In June, Matthew Barney’s “Drawing Restraint 9” will be shown as part of a larger exhibit comprising paintings, drawings, videos, sculptures and photographs at the San Francisco Museum of Modern Art. The installation will take up the entire fourth floor, with walls removed so that visitors can enjoy “a non-linear experience of the art,” according to the museum’s announcement. But first, IFC Films will provide the linear experience of watching the movie on its own in theaters. Fans of the “Cremaster” series, and moviegoers of a more stoical bent, will be happy to hear it. Others may find that the film, which clocks in at 2 hours, 15 minutes, makes them yearn for the relative boundlessness of a museum gallery, where one is free to roam, wander, take a break to go to the bathroom.

I don’t mean that facetiously. A narrative thread runs through the movie, but as narrative threads go, this one is gossamer filament. The film is more of a comment on tradition, ritualized worship, violence and the movies than it is a movie itself. Barney’s first collaboration with Bjork -- his real-life partner, who provided the soundtrack -- and almost entirely silent save for the score and a few inconsequential remarks toward the middle, “Drawing Restraint 9” is much more atmospheric than it is plot-driven. Also, it’s gorgeous -- much more interesting to look at than to watch.

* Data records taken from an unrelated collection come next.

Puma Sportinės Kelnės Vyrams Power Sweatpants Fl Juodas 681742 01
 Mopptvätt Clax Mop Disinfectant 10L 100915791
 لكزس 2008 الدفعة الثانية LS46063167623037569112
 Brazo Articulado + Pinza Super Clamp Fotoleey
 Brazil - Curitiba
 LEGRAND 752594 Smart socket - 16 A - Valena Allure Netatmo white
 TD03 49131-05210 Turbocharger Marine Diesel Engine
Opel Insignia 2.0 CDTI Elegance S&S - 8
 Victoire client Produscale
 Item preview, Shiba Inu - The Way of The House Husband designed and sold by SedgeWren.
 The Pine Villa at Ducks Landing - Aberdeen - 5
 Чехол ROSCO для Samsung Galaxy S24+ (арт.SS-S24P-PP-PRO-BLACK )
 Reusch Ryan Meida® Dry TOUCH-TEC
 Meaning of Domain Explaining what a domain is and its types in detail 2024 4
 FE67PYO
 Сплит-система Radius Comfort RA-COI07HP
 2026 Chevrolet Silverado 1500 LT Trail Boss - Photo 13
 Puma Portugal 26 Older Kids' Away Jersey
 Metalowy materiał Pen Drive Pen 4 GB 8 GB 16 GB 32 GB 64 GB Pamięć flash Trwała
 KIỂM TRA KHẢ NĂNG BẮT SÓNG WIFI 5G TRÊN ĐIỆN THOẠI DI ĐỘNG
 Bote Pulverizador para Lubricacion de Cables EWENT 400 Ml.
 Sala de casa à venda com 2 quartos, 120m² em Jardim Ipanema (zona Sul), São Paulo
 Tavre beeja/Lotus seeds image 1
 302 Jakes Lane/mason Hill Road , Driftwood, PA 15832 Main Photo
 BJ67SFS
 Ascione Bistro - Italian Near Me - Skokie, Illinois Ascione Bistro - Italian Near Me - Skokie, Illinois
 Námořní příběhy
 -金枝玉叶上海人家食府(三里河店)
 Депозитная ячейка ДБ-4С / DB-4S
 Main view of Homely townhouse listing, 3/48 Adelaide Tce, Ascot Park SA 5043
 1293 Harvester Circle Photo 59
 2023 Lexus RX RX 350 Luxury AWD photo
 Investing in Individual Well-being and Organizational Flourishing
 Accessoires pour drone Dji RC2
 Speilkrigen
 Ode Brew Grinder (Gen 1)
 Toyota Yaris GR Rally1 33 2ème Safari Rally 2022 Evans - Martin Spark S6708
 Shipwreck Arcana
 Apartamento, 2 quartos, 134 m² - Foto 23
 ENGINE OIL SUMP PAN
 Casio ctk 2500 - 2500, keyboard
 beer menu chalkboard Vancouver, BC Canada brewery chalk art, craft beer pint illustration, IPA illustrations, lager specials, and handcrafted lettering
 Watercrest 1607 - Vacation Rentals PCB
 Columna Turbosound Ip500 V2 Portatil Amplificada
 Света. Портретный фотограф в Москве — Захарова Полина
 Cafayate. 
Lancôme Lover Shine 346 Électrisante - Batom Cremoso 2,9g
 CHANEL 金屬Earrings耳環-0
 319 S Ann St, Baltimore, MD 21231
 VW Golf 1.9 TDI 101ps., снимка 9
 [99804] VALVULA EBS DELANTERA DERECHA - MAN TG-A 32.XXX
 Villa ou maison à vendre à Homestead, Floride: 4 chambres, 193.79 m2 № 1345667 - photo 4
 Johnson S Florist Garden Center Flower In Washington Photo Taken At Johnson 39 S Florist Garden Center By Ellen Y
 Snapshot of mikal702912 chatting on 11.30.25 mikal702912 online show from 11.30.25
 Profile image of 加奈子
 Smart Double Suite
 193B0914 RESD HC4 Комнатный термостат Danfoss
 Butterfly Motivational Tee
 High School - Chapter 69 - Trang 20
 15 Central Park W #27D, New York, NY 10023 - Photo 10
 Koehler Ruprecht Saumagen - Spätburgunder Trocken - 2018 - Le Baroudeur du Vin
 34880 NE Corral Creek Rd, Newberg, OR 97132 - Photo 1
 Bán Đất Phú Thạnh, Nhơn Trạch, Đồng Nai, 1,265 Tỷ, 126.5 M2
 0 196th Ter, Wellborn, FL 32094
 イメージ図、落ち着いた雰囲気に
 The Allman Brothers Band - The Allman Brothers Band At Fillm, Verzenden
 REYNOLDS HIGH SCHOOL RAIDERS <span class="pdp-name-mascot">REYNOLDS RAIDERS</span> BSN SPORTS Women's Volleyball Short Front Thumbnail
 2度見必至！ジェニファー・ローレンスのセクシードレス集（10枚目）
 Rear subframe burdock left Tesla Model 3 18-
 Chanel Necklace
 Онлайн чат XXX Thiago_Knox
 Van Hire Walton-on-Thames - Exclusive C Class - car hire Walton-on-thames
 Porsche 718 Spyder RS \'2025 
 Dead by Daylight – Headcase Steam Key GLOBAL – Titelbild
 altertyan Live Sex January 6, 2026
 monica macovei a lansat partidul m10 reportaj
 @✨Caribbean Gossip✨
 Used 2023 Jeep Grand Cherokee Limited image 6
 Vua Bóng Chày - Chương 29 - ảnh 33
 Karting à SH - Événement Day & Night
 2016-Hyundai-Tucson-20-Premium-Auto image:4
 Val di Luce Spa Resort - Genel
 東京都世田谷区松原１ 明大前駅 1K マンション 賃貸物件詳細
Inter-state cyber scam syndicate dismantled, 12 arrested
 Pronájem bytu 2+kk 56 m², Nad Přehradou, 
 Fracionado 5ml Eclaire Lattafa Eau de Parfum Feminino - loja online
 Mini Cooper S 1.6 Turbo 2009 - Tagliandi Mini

Still, “DR9” looks epic, which is either the film’s main selling point or its biggest drawback. Its title, and Barney’s preoccupation with discipline and limits notwithstanding, the movie begs to be called expansive. It’s as large and pudding-edged as the huge, bisected Vaseline suppository at its visual and symbolic center. It’s safe to assume the Vaseline pool represents what the artist has previously referred to as “the orifice and its closure -- the body and its self-imposed restraint.” The shape has also been likened to a football field. Athletics and sexuality represent Barney’s fixation with pushing boundaries.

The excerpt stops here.